La Chine a également condamné la démarche de Trump, déclarant que "les tarifs ne devraient pas être un outil de coercition, d'intimidation ou d'ingérence". Parallèlement, les États-Unis ont lancé une enquête sur ce qu'ils considèrent comme des "pratiques commerciales déloyales" de la part du Brésil, visant le commerce numérique, les services de paiement électronique, les tarifs préférentiels et la protection de la propriété intellectuelle.

L'imposition de tarifs douaniers de 50% sur les marchandises brésiliennes est perçue comme un coup dur pour les secteurs clés de l'exportation brésilienne vers les États-Unis, notamment l’aéronautique, les pièces automobiles, le café et le jus d'orange. Cette mesure est particulièrement préoccupante pour l'industrie du café aux États-Unis, qui se fournit largement au Brésil: 30% des importations américaines de café viennent du Brésil. Pour de nombreux experts, cette décision pourrait entrainer une hausse importante des prix pour les consommateurs américains. Les marges bénéficiaires des torréfacteurs étant déjà minces, une telle augmentation des coûts (jusqu'à 30% pour le café) serait intenable sans une répercussion sur le prix de vente final. L'industrie américaine du café dépend fortement des grains brésiliens pour la base de ses mélanges, et les partenariats établis de longue date rendent difficile un simple changement de fournisseur.

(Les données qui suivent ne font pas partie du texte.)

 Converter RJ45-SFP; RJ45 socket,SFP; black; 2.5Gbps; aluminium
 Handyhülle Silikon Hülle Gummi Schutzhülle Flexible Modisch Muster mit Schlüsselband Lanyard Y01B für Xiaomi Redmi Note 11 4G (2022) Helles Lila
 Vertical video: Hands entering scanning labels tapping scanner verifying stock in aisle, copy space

La Chine : un partenaire stratégique clé pour le Brésil face aux turbulences américaines

L'escalade des tensions avec les États-Unis devrait inévitablement pousser le Brésil à se rapprocher encore davantage de la Chine. Les experts estiment que la relation entre le Brésil et la Chine est "beaucoup plus positive et prometteuse", la Chine étant devenue le plus grand marché d'exportation du Brésil depuis 2009. Lula a d'ailleurs qualifié la relation entre les deux pays d'"indestructible" et de "partenaires indispensables", insistant sur l'importance de travailler ensemble pour faire respecter le "Sud global". Preuve de cette relation qui se renforce, la Chine a récemment apporté explicitement son soutien au Brésil face à la décision de Donald Trump.

L'influence économique de la Chine en Amérique du Sud est déjà considérable. Le port de Chancay au Pérou, dont l'inauguration est prévue en 2024 avec un investissement de plus de 3,5 milliards de dollars, en est un exemple frappant. Ce port sera le premier port à grande échelle opéré par la Chine en Amérique du Sud et est projeté comme un axe logistique fondamental pour toute la région.

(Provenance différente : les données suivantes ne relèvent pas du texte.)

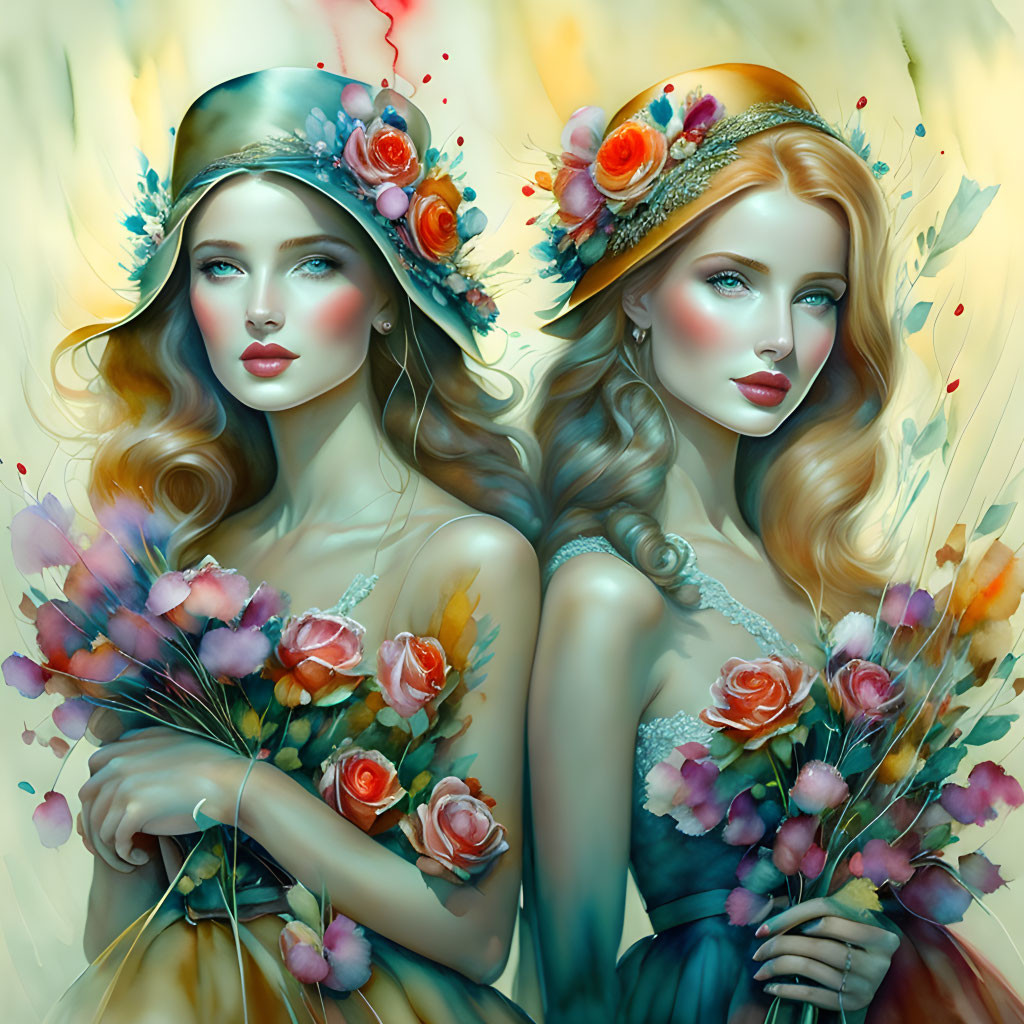 Illustrated women with floral hats and bouquets in vibrant colors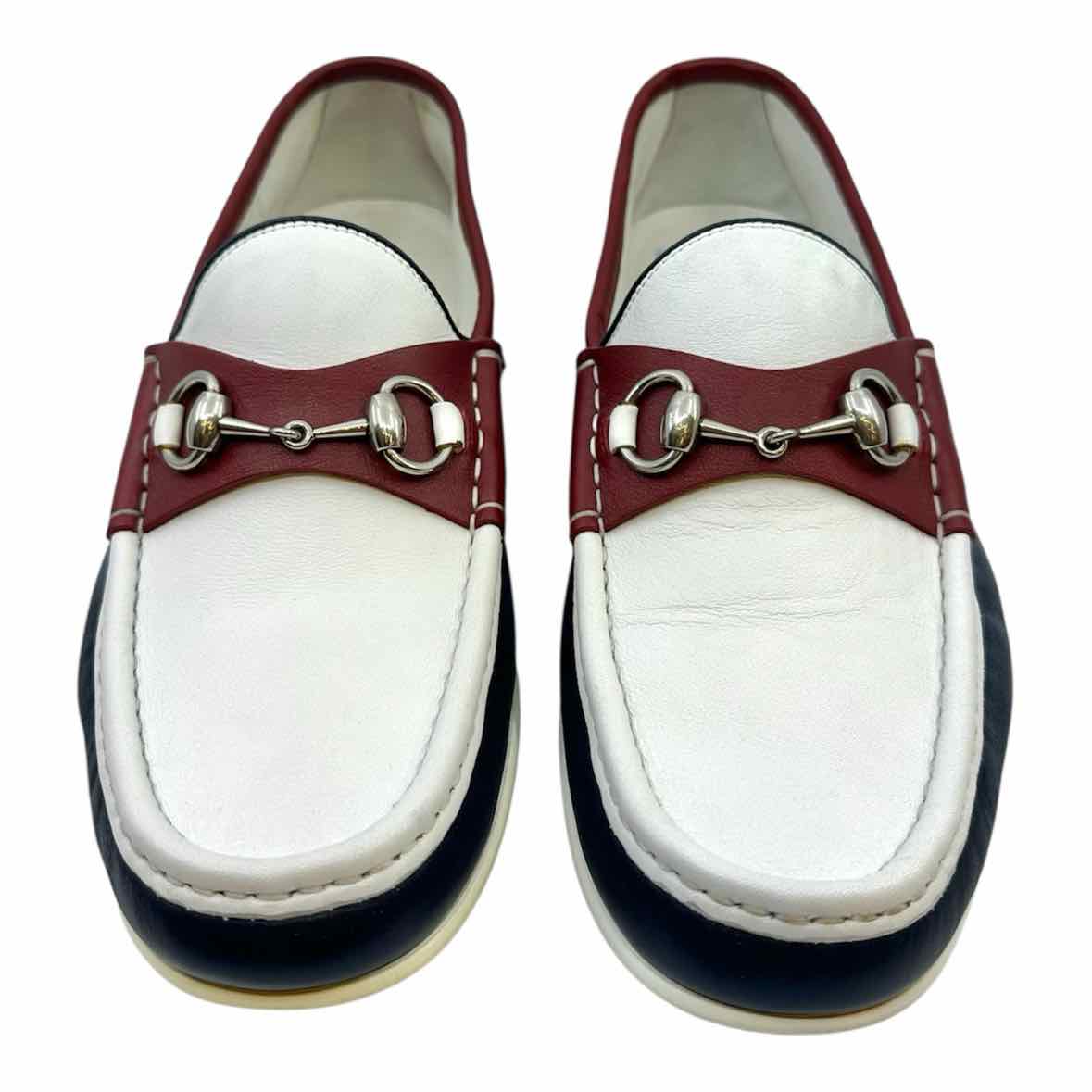GUCCI Size 8 Red, White, Blue Men's Loafers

Dans ce contexte, le Brésil et la Chine ont franchi une étape stratégique avec la signature d'un protocole d'accord pour avancer dans les études techniques d'un projet ferroviaire bio-océanique. L'idée de ce train n'est pas nouvelle, discutée depuis plus de 20 ans, mais elle a été relancée avec force après les réunions entre les présidents Lula et Xi Jinping en 2024.

Ce projet ambitieux prévoit la construction d'un train d'environ 3 000 kilomètres qui reliera le littoral atlantique brésilien (notamment l'État de Bahia et le port de Santos) au mégaport de Chancay au Pérou, sur l'océan Pacifique. Il traverserait l'Amazonie et les Andes, bien que les détails du tracé soient encore à l'étude. Le financement serait en partie assuré par la Chine, avec une mention d'un investissement initial de Beijing de 3,5 milliards de dollars. L'objectif principal de ce corridor ferroviaire est de faciliter la sortie des produits sud-américains, tels que le soja et les minerais, vers le marché asiatique. Pour le Brésil, cela permettrait d'optimiser les temps et les coûts logistiques en évitant les trajets plus longs via le canal de Panamá ou le détroit de Magellan.

Ce projet s'inscrit dans le cadre plus large des investissements chinois au Brésil, qui ont dépassé les 73 milliards de dollars depuis 2007, ciblant des secteurs stratégiques comme l'énergie, les infrastructures, l'agro-industrie et la technologie.